La differenza poi de’ simboli e rappresentanze sorge chiara dalla stessa dimostrazione e dettaglio fattone da’ lodati scrittori. Dunque i monumenti, e la scienza dimostrano che furon due popoli differenti.

Fuvvi epoca in cui fu ritenuto, che le città italiche transappennine fossero erette o civilizzate ed aggrandite da’ coloni latini od etruschi. Ma dopo essersi rimarcato, che gli usi, la lingua, la religione, e la monetazione fu in tutto differente, nel silenzio della storia, su tali peculiari trasmigrazioni, siffatta opinione fu rejetta, e ritenuta invece la più ragionevole all’ appoggio de’ propri monumenti sfuggiti alla mano del tempo distruttore; che popoli aborigini, abitatori di queste contrade edificaron Lucera, vivendo più tempo con proprie leggi e sistemi; e che al sopravvenire delle greche colonie, da essi reputate dappria avverse conquistatrici, si grecizzarono poscia, imparentando cogli Elleni, e facendo leghe e trattati di amicizia, divenendo così semigreci, finchè il potere colossale di Roma ridusse tutte alla condizione di soggette 3.

  1. Bullettino archeologico napoletano anno 3. n° 2. p. 15. sui nummi di Famiglie romane ed aes grave del Giudice Gennaro Riccio, seconda edizione.
  2. Veggasi quanto il detto autore ne scrisse nel publicare gli assi gettati di Venosa. Bullettino napoletano anno II. pag. 34 e 35.

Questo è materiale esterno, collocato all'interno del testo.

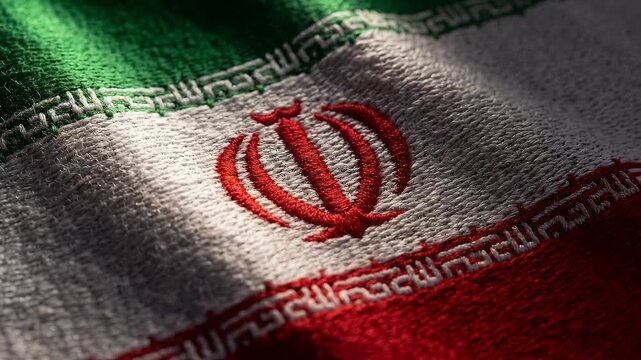 Iran's flag waves softly in close-up. Green, white, red stripes stretch across the frame. Red emblem sits at the center. Soft lighting highlights fabric texture. Gentle motion creates dynamic visuals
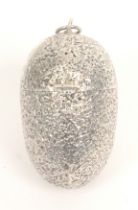 An attractive silver egg form etui, unmarked, the egg with all over floral decoration with a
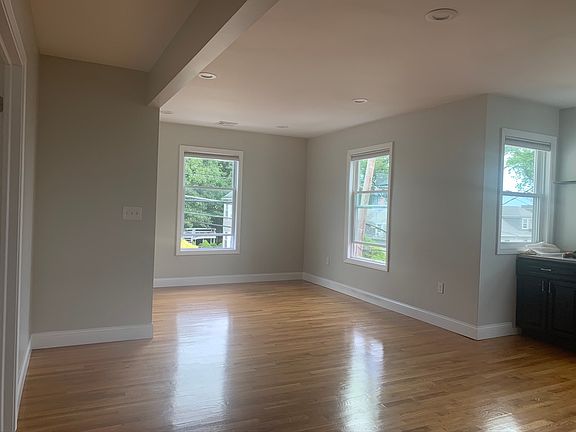 Large open living and dining area with natural light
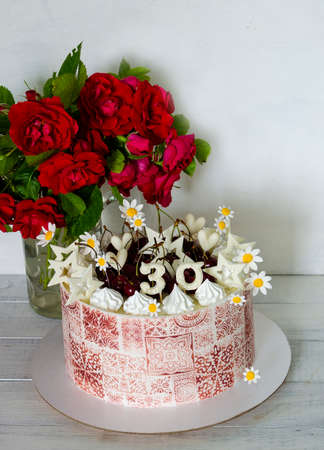Burgundy stencil cake with roses for 30th anniversaryの写真素材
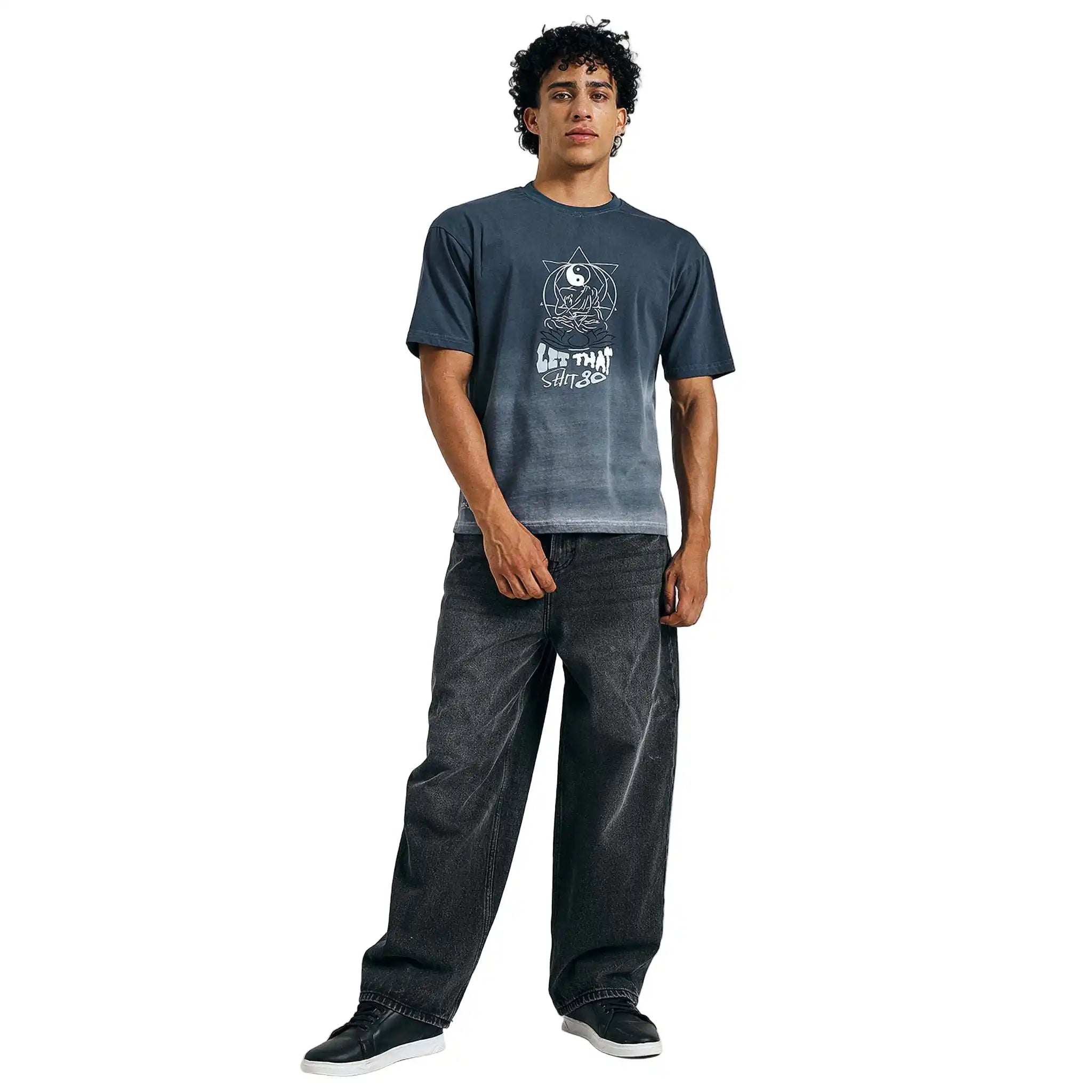 Man wearing a blue t-shirt with a graphic design and text, standing against a plain background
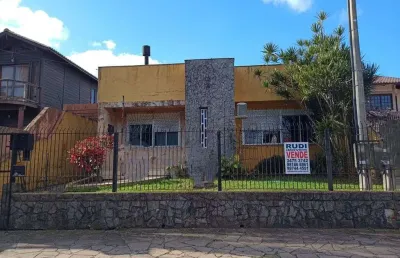 Casa de alvenaria 3 dormitórios rua xingu bairro igara canoas rs.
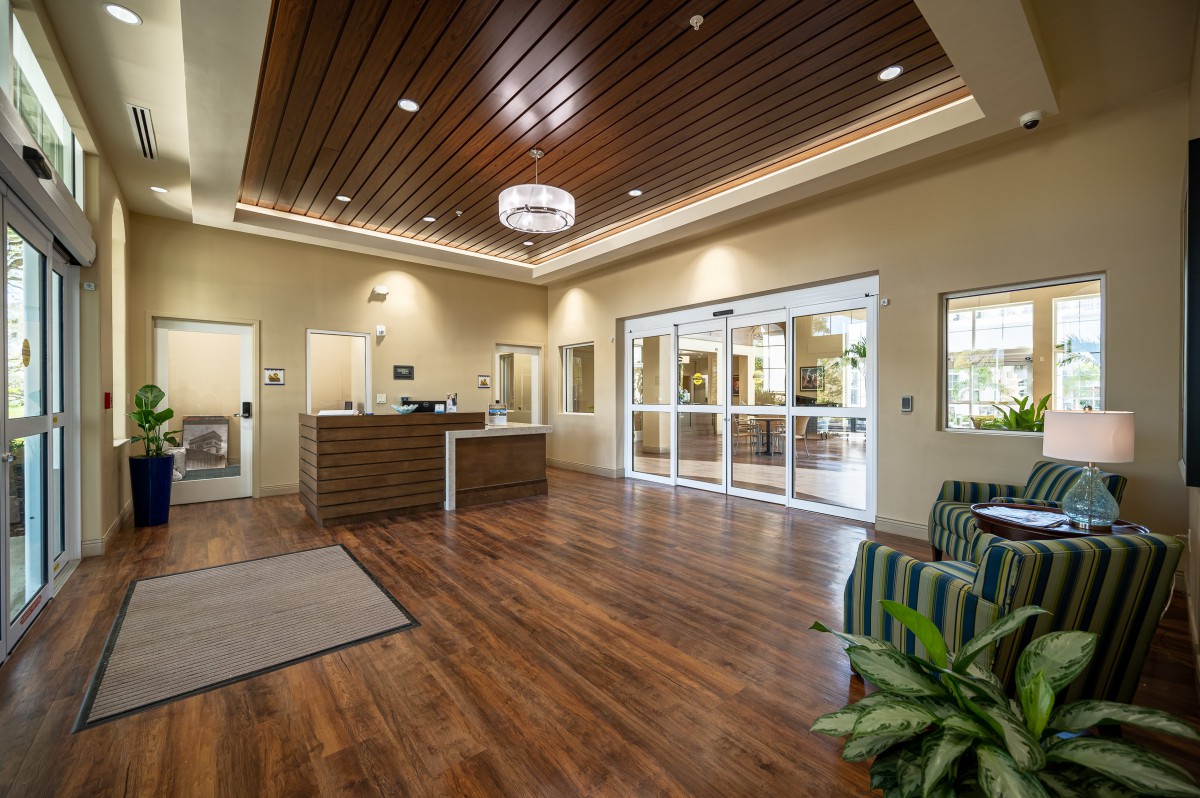A modern lobby with wood flooring and a welcoming reception desk.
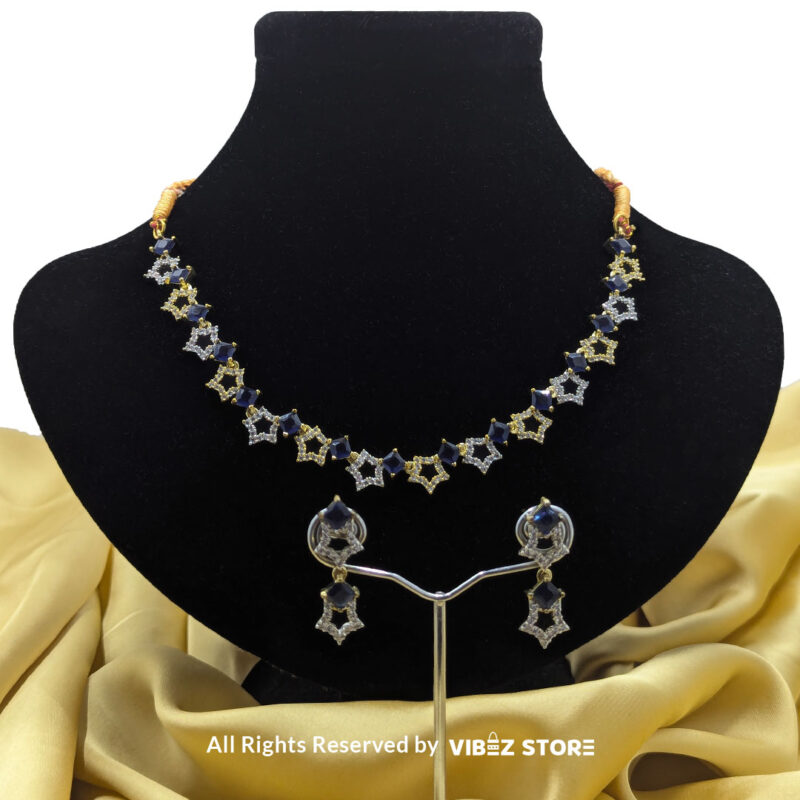 Midnight Sapphire Star Necklace and Earring Set with gold-tone star designs, faux sapphire stones, and crystal accents from VibezStore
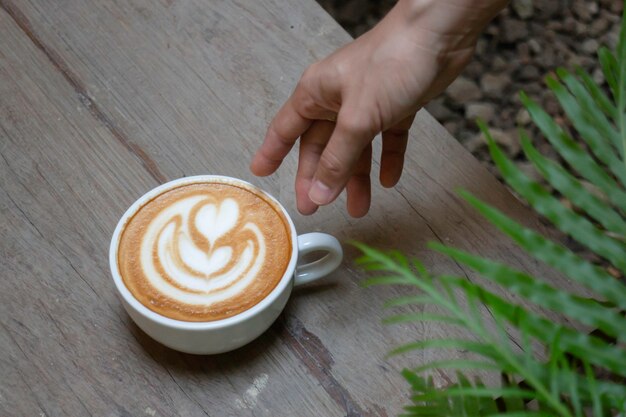 Handcraft of hot milk coffee cup, stock photo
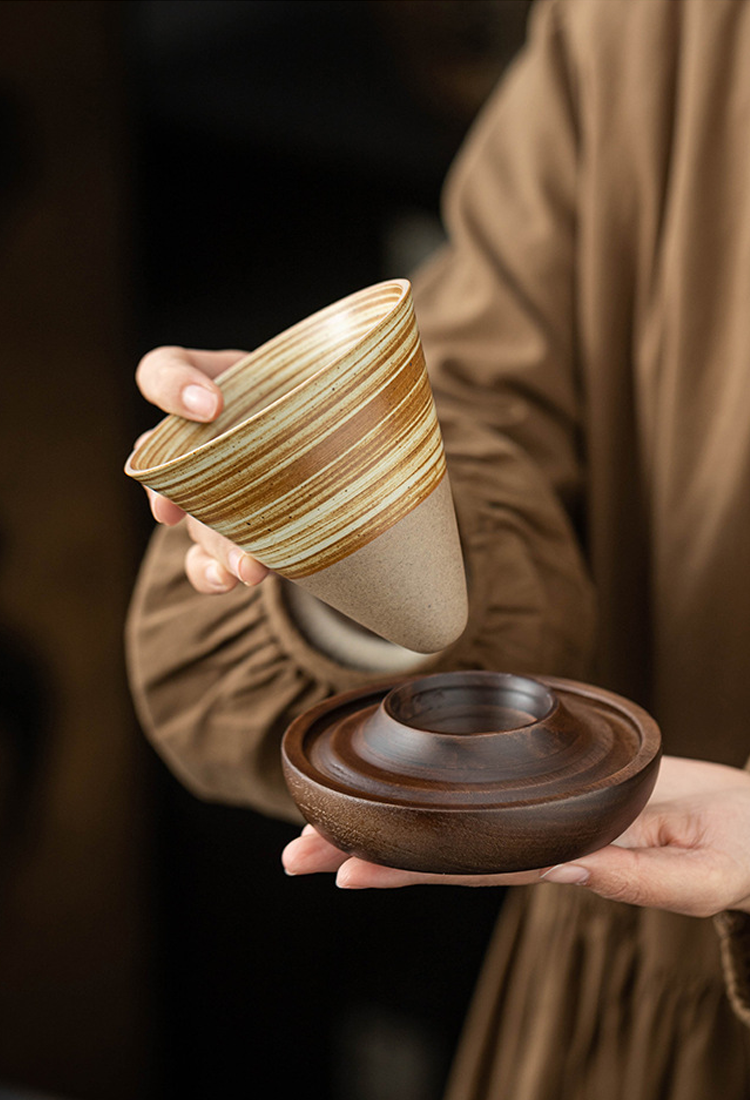 Hand-thrown ceramic cup with fine grooved texture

  3. Anche prima che i Romani fecero Lucera loro preda, e poscia, che ancora risentiva dell’antico splendore, la veggiamo fortificata divenire pomo di discordia co’ Sanniti, ai quali venne tolta da’ consoli Papirio e Poblicio (Liv. lib. 9. c. 16). Sede de ’consoli nella guerra di Annibale, ed una dalle 19 colonie mantenutesi fedeli a Roma, dopo la famosa strage di Canne, che restò all’africano aperta la via di Roma, percui ne venne ringraziata dal Senato (Ivi lib. 27. c.12). Resistè alle iterate seduzioni de’ Numidi. Fu piazza d’armi di Pompeo contro Cesare, comandandovi le armate Scipione (Polib. lib. 3.). E fino al giugnere de’ barbari che posero l’Italia a ferro e fuoco, Lucera fu una delle principali e rinomate città italiana per ogni riguardo. Facciamo voti che le poche cose in questa dissertazione menzionate sieno d’eccitamento ai dotti Lucerini, onde tessere una completa storia patria, finora mancante, trovando fondamento splendidissimo nell’alta sua origine, e famose gesta non periture.